When dealing with the sectoral balances the relative magnitudes are crucial to understand. The question was deliberately designed to test that understanding and to differentiate between a necessary and sufficient condition.
If you did understand these things you had no other choice than to say FALSE. The statement was not correct in all situations. If I had have put a MAYBE option then fine but then I would have been leading you to much.
best wishes
bill
Professor Mitchell, I think there is a real difference in English usage, understanding and interpretation here (Australian vs. American?) regarding the phrase “X can be true even if Y as long as Z.” In my own personal dialect, and apparently that of many other educated native speakers of English, “The statement was not correct in all situations” does not at all imply that the answer to Q1 is “false.” “As long as” does not mean “in every situation” here, when I carefully read, write or speak English. “I can save as long as I have an income” does not mean to me “I save in every situation where I have an income.”

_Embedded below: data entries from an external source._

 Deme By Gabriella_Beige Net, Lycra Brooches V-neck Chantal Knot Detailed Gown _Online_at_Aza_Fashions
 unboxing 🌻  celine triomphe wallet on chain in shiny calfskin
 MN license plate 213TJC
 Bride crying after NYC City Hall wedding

For me, all that was necessary for a answer of “true” was that there is one situation where the statement – “The private domestic sector can save overall” – was correct. In fact, if I were teaching a non-native speaker English, then before I saw your, an educated native speaker’s, interpretation of “can … even if … as long as”, I would not have hesitated to call that interpretation simply wrong, not English.
Dear Some Guy
Thanks very much for your comment.
Your example is correct but it doesn’t capture the essence of the question I asked. I explicitly added the extra information that the government sector was in surplus. Given there are two other sectors then the question has to also consider relative magnitudes if one truly understands the relationships between the sectors in the national accounting context.

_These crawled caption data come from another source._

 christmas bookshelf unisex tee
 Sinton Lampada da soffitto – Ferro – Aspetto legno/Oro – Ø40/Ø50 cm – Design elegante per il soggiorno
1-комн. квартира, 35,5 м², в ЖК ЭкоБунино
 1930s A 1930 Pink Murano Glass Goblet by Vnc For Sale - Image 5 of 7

Further, remember we are talking about the macroeconomy here so statements about individuals are erroneous and run the danger of committing a fallacy of composition. Just because the economy has income doesn’t mean households in aggregate can save. Individual households may be able to save if they have sufficient discipline but overall the sector may not be able to.
I don’t think it is a US-OZ usage issue. But the linguists out there can correct me.
best wishes
bill
This is, without question, false:
The private domestic sector can always save overall even if the government budget balance is in surplus as long as net exports are positive.

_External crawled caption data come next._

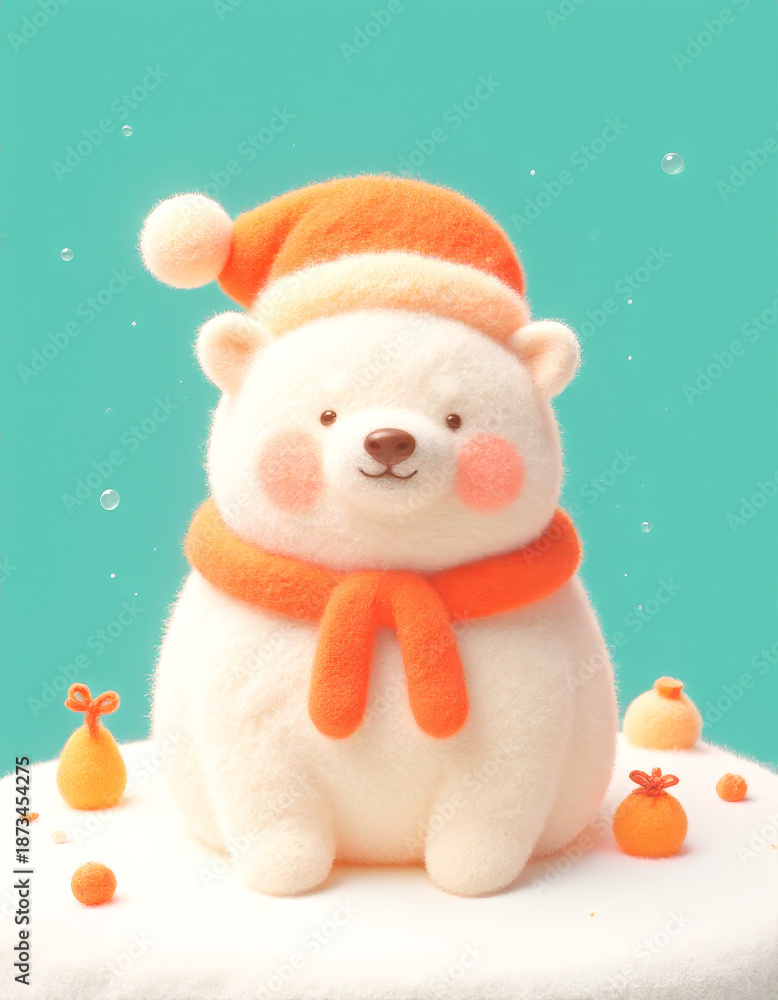 Fototapeta premium a polar bear is celebrating Christmas, children's illustration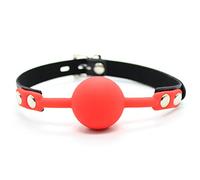SM Silicone Ball Gag con correa de cuero de cerradura BDSM juguetes sexuales para adultos Kit de restricciones de esclavitud Jugar (Red+black-3.8cm Ball)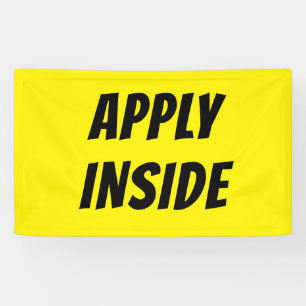 明るい黄色のAPPLY INSIDEバナー – High-Vis 横断幕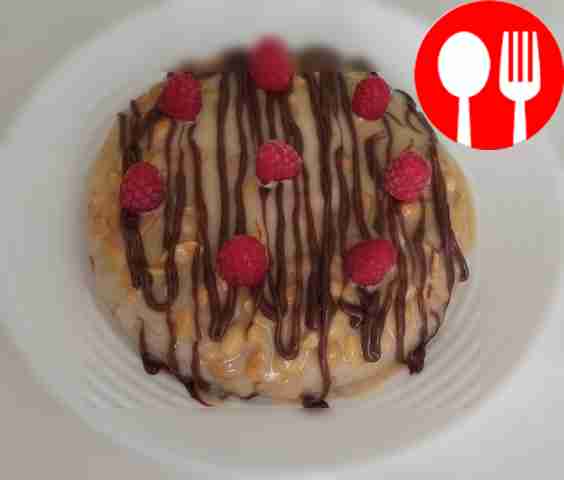 Savory fruit ice cream cake “Snickers” with salted peanuts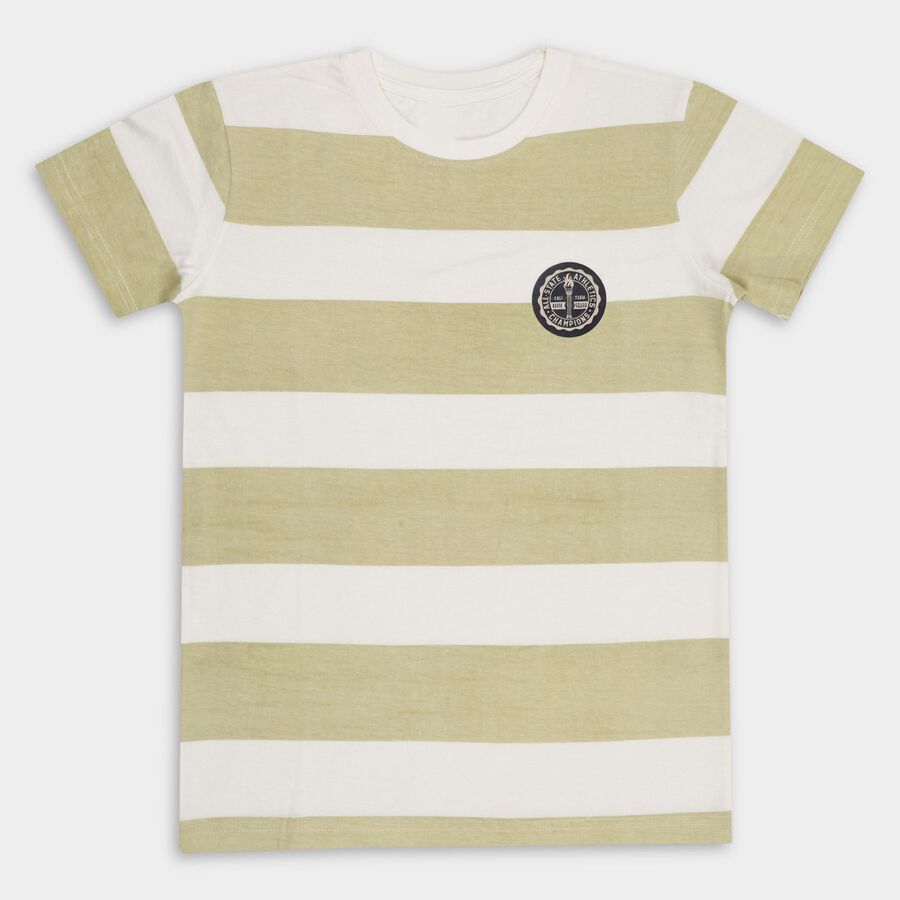 Boys' 100% Cotton Half Sleeves T-Shirt, हल्का हरा, large image number null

This is, without question, true:
The private domestic sector can save overall even if the government budget balance is in surplus as long as net exports are sufficiently positive.
I don’t think the first statement would have been too leading, but it would have been less ambiguous. The second would have been less ambiguous, but too leading.
Another unquestionably true statement, which may have lacked the focus on relative magnitude, would be:
The private domestic sector can save overall even if the government budget balance is in surplus only if net exports are positive.
The word “can” can be taken to imply “is possible under some situation (meeting the following conditions)” or to mean “necessarily has the ability to.” I can go to the store if I take the bus, since I live somewhere with bus service that goes to the store, right? Of course, I have to take the right bus, not just any bus.
How about this?
The private domestic sector can save overall even if the government budget balance is in surplus.
This is true, right? It is possible.
(Sorry for kicking this possibly dead horse again. The silver lining is that we all agree with the reality of the situation the question relates to even if we don’t agree on the phrasing of the question. That’s far more important in the end.)